Lo stesso è avvenuto nel Vermont, dove il moderato governatore dell’Ohio, John Kasich sembrava che potesse strappare la vittoria a Trump, ma alla fine non ce l'ha fatta.

Il Texas e l’Oklahoma sono invece andati al senatore texano Ted Cruz, un esponente dell'ala più conservatrice del partito, che aveva già vinto nell’Iowa e dunque conferma di avere più diritto di Rubio di considerarsi il diretto rivale di Trump. Il senatore della Florida aveva scommesso sull’attacco alla giugulare contro l’imprenditore newyorchese, prendendolo in giro per i suoi capelli, l’abbronzatura, le mani, e accusandolo di essere un imbroglione. Alla fine è stato però Cruz a poter vantare delle vittorie in vere e proprie primarie, mentre Rubio si è aggiudicato solo i caucus del Minnesota.

Nella serata Hillary Clinton, già in Florida – dove si vota il 15 marzo – ha tenuto un discorso dai chiari toni anti-Trump: «Vi dirò qualcosa che raramente un candidato alla presidenza dice: credo che oggi in America abbiamo bisogno di amore e gentilezza. Sapete, funziona! Invece di costruire muri, abbattiamo barriere, e diamo a tutti le stesse opportunità, così che il nostro Paese sia di nuovo sano».

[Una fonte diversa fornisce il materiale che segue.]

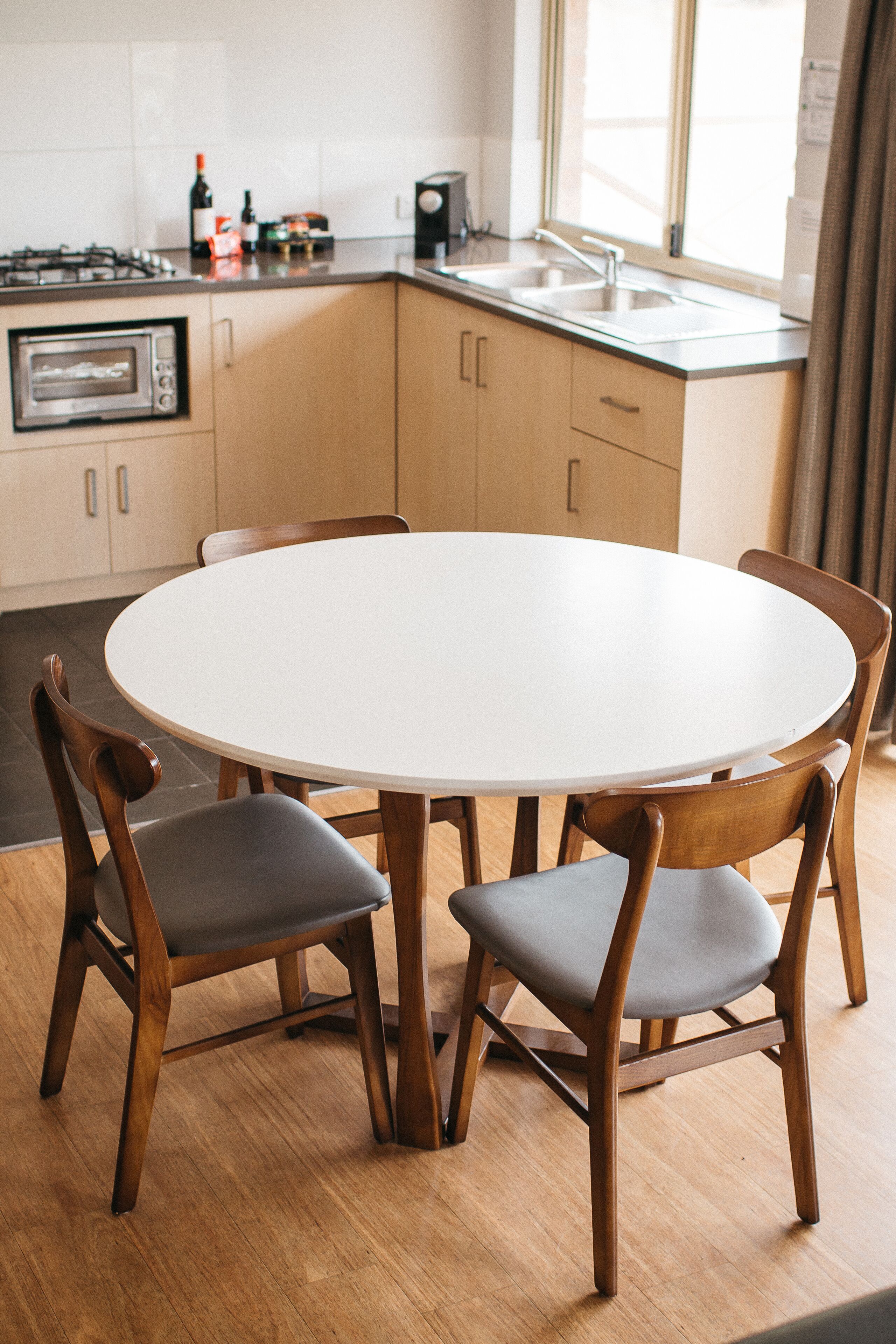 A modern kitchen with a round dining table, wooden chairs, a built-in oven, and a window with curtains.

Più tardi, Trump nel suo discorso ha invece rilanciato l’idea del muro con il Messico, e ha preso in giro Hillary e Barack Obama, senza risparmiare neanche i suoi rivali. Nel mezzo di un discorso pieno di denunce dei Paesi stranieri che approfittano della generosità degli Usa, tutto sul filo. di polemiche contro le politiche liberal e lo Stato sociale, ha però a un certo punto sostenuto: «Sono un conservatore, ma credo nel buon senso. E intendo riunire il partito». E molti hanno pensato che sia stato il primo passo verso un remake di Trump in versione più tranquilla, in vista delle presidenziali.

I sondaggi. Secondo un un sondaggio di Cnn/Orc pubblicato a poche ore dal Super Tuesday, Donald Trump ha comunque poche speranze di conquistare la Casa Bianca. Il tycoon in un ipotetico scontro diretto perderebbe sia con Hillary Clinton sia con Bernie Sanders. Nel dettaglio, secondo la rilevazione di Cnn/Orc, la Clinton batterebbe Trump col 52% delle preferenze contro il 44% del tycoon. Mentre il senatore Sanders otterrebbe il 55% dei voti contro il 43% dell'imprenditore. Diverso lo scenario se la nomination repubblicana fosse vinta da Marco Rubio (un'ipotesi ormai remota) o Ted Cruz. Secondo il sondaggio Hillary perderebbe col primo, mentre col secondo sarebbe un testa a testa. Sanders batterebbe facilmente entrambi.